Straight pool is absent from bars due to the number of racks needed to play, and the table charging by rack. This issue is circumvented when players pay $6.30 an hour to play at the Golden Cue, the same price as the credit card minimum charge. Stackhouse remembers this as the game of choice when he used to play in New York City. This is a game that can be seen in Paul Newman’s “The Hustler,” where his character plays against Minnesota Fats, played by Jackie Gleason.
Spinelli said that Rudolf “Minnesota Fats” Wanderone once played at the hall, before his father bought the store. Spinelli can name many professional players that have come in over the years, standouts from a crowd where he said many people can consistently pocket 40 shots in a row without missing.
When Spinelli goes home around 8:30 p.m. he leaves employee Michael Smail in charge. He got the job when he was at the store one night and saw Spinelli “running around,” and offered to help. Smail said he first went to the store when he was 9 years old, and met his wife in person there for the first time on a date.
A small collection of pool sticks sit on top of a rack shaped like a cut in half eight ball next to the hall’s juke box. These pool sticks are different than the ones found in the billiards area, as they are made out of fiberglass instead of wood. According to Smail, these are good for teaching children and novice players as they lack the power of a wooden stick, curtailing the chance of a new player knocking a cue ball off of the table by accident.
Both Smail and Spinelli work to make sure the tables and sticks are not damaged from careless or clueless players. On a sleepy Friday afternoon, two college students play on one of the back tables when one lays across the table length wise to take a difficult shot.
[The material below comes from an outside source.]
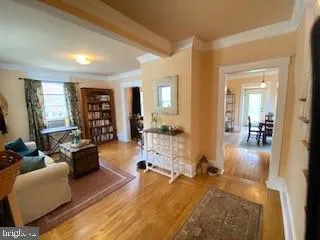 19 E Braddock Rd, Alexandria, Virginia 22301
Smail crosses the billiards area and with few words introduces him to the bridge laying on the rack beneath his table, a supplementary pool stick to take long shots with.
With the rise of computers and the fading popularity of billiards, it can be hard to attract younger patrons to play pool. “There’s so much to do now for kids, it seems like pool isn’t even an option.” Spinelli said. Most of the patrons that come in during the day are middle-aged or older, and only some younger make their way to the hall. Led Zeppelin and The Doors croon from the speakers as patrons play, and the hall’s background music is dominated by classic rock.
Spinelli had cut down his own hours after suffering a mild heart attack four yeras ago. He said the business doesn’t make enough money for him to able to sell the place. His family helps him out at the hall but won’t take over as they have their own careers. “When I’m gone the place goes with me,” Spinelli said.